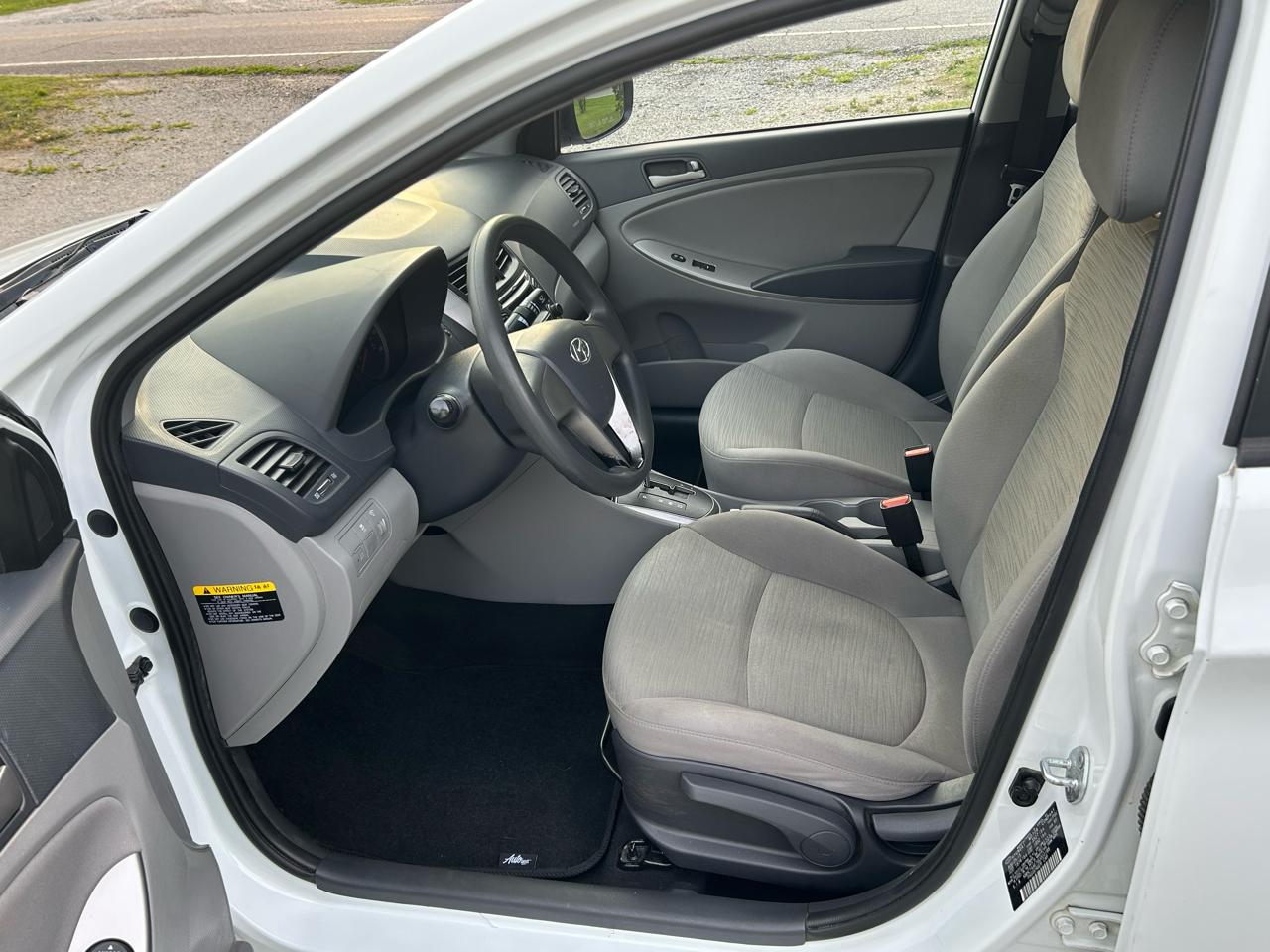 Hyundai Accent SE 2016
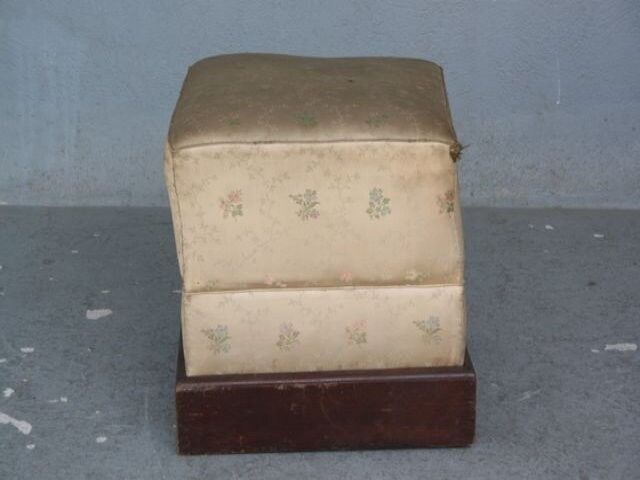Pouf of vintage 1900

※ ※ ※

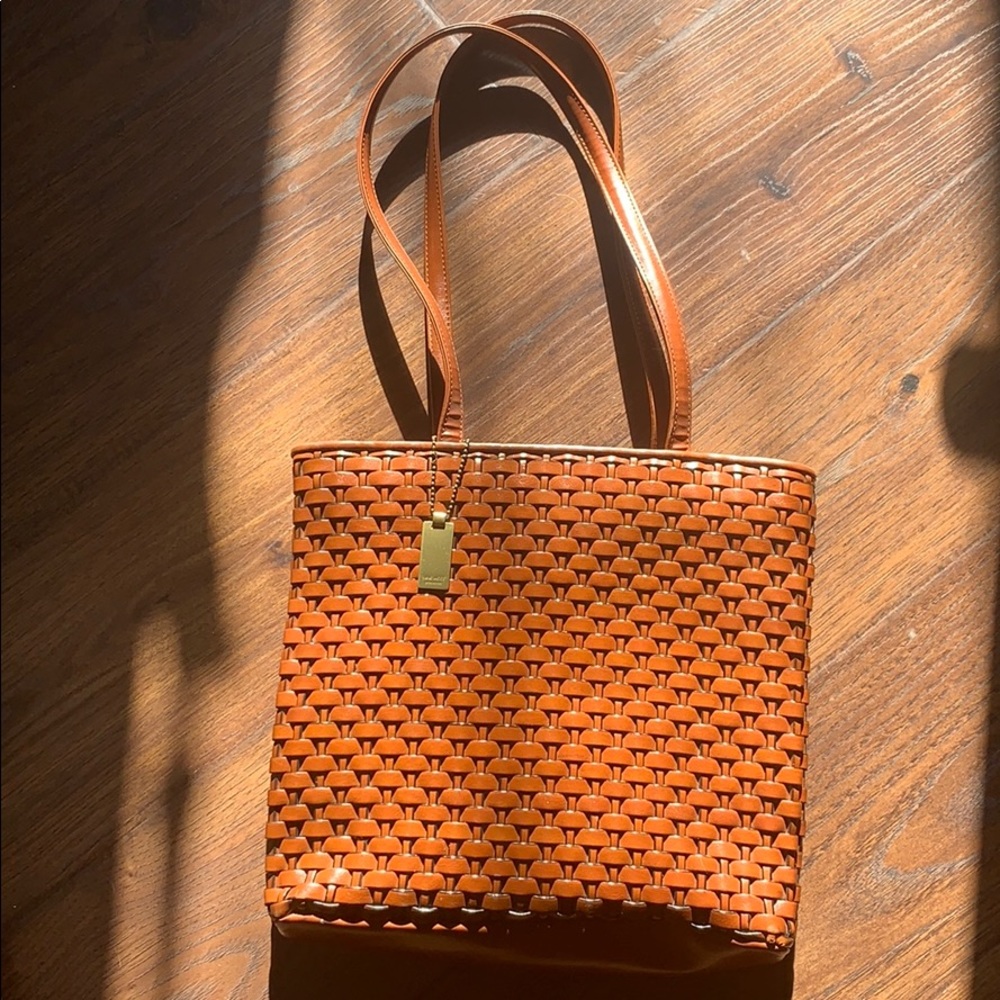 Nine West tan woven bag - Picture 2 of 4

※ ※ ※

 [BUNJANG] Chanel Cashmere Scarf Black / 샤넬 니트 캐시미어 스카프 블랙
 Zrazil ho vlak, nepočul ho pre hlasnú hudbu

※ ※ ※

Copy out, word for word, the part of the entries above that begins at the line with "[BUNJANG] Chanel Cashmere" and ends at the line with "Zrazil ho vlak, nepočul ho pre hlasnú hudbu", including both.

 [BUNJANG] Chanel Cashmere Scarf Black / 샤넬 니트 캐시미어 스카프 블랙
 Zrazil ho vlak, nepočul ho pre hlasnú hudbu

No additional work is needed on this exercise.